Recent efforts on manipulating metal nanoparticles (NPs) using an electron beam have offered new insights into nanoparticle behavior, structural transition, and the emergence of new properties. Despite an increasing understanding of the dynamics of electron beam-induced coalescence of NPs, several phenomena are yet to be investigated. Here, we show that repulsion between two NPs is as favorable as coalescence under electron beam irradiation at room temperature. Using small-sized (D ≈ 5.9 nm) and large-sized (D ≈ 11.0 nm) gold (Au) NPs, and different electron dose rates, a unique sequential attraction-repulsion between NPs is disclosed. The real-time in situ transmission electron microscopy imaging suggest that at a low dose rate, two small-sized AuNPs with 1.0 nm particle–particle distance undergo repulsion to 18 nm with a diffusion rate of 0.4 nm min−1. For large-sized AuNPs, the repulsion rate is 0.08 nm min−1 at a low dose rate and is comparable to that of small-sized AuNPs at a high dose rate.
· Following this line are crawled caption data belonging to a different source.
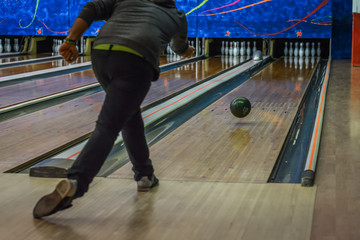 Man playing bowling seen from the back, focus on the ball.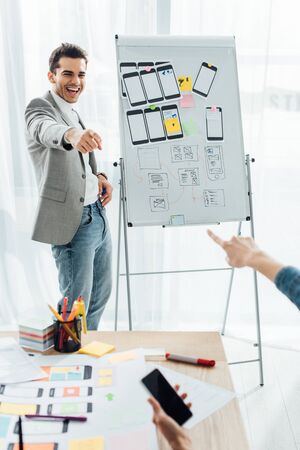Selective focus of smiling ux designer near whiteboard with templates pointing on colleague with...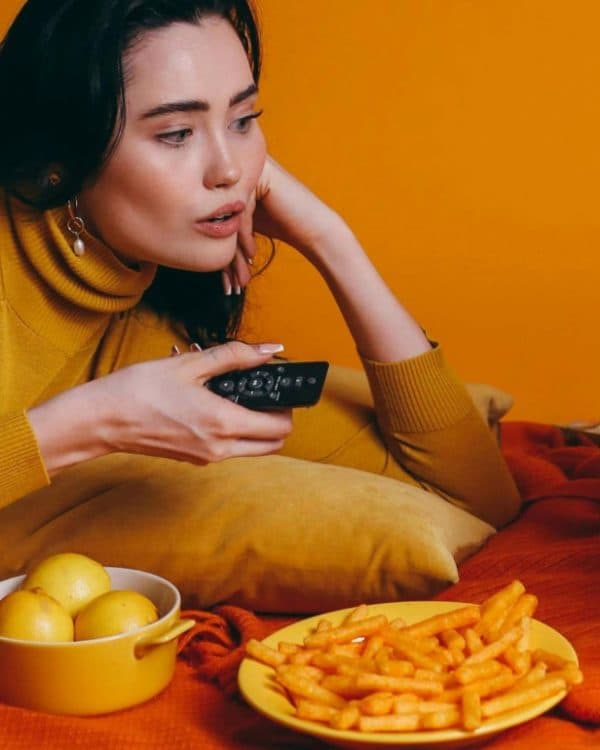 woman eating food while watching TV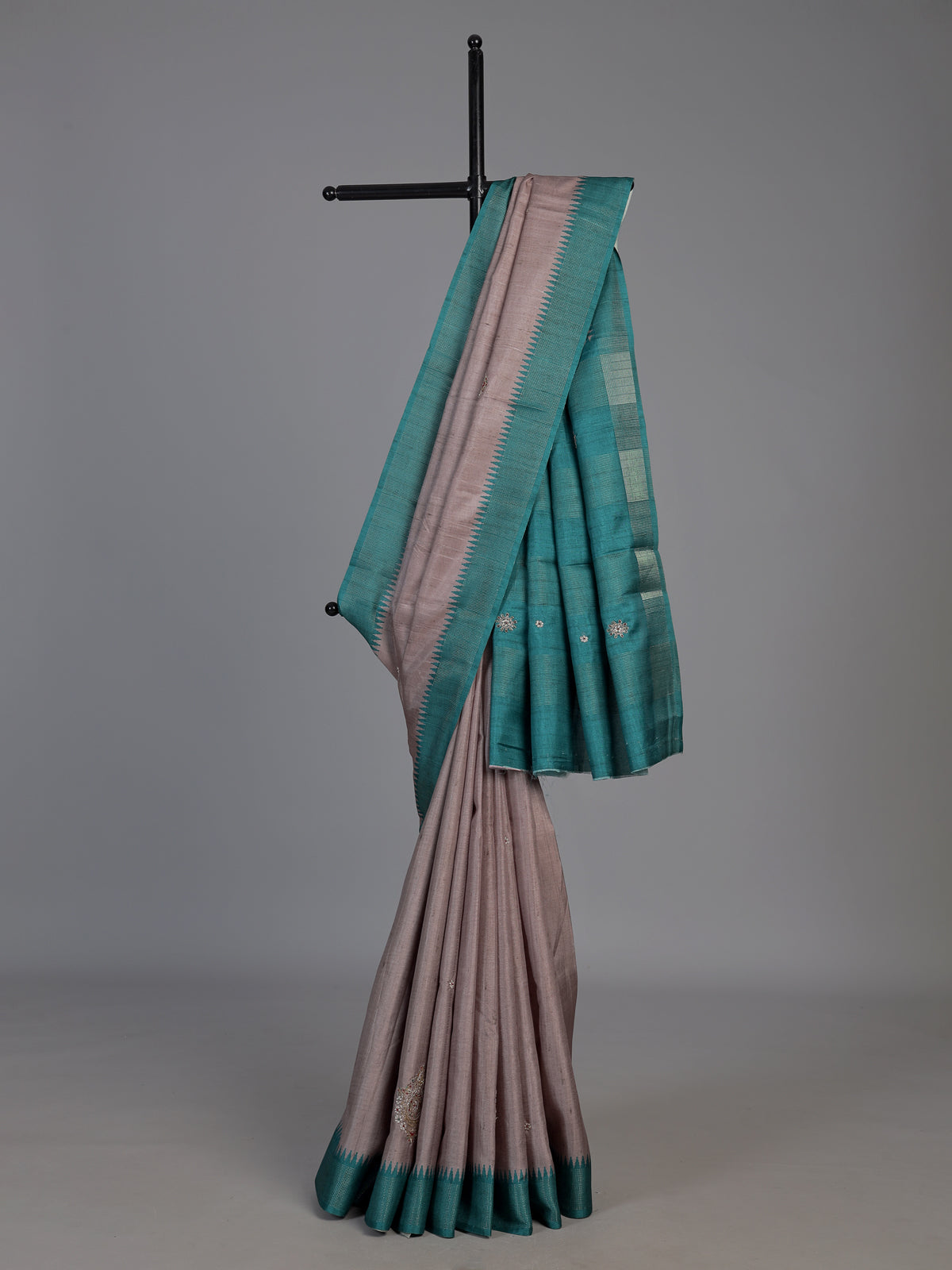 Beige tusser silk saree with regal zari border detailing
Surprisingly, large-sized AuNPs at a high electron dose rate displayed attraction in the first 15 min, followed by rapid repulsion. This unique sequential attraction-repulsion behavior of NPs offers possibilities to manipulate interparticle distance and properties without inducing dimensional changes for advanced photonic and plasmonic nanodevices.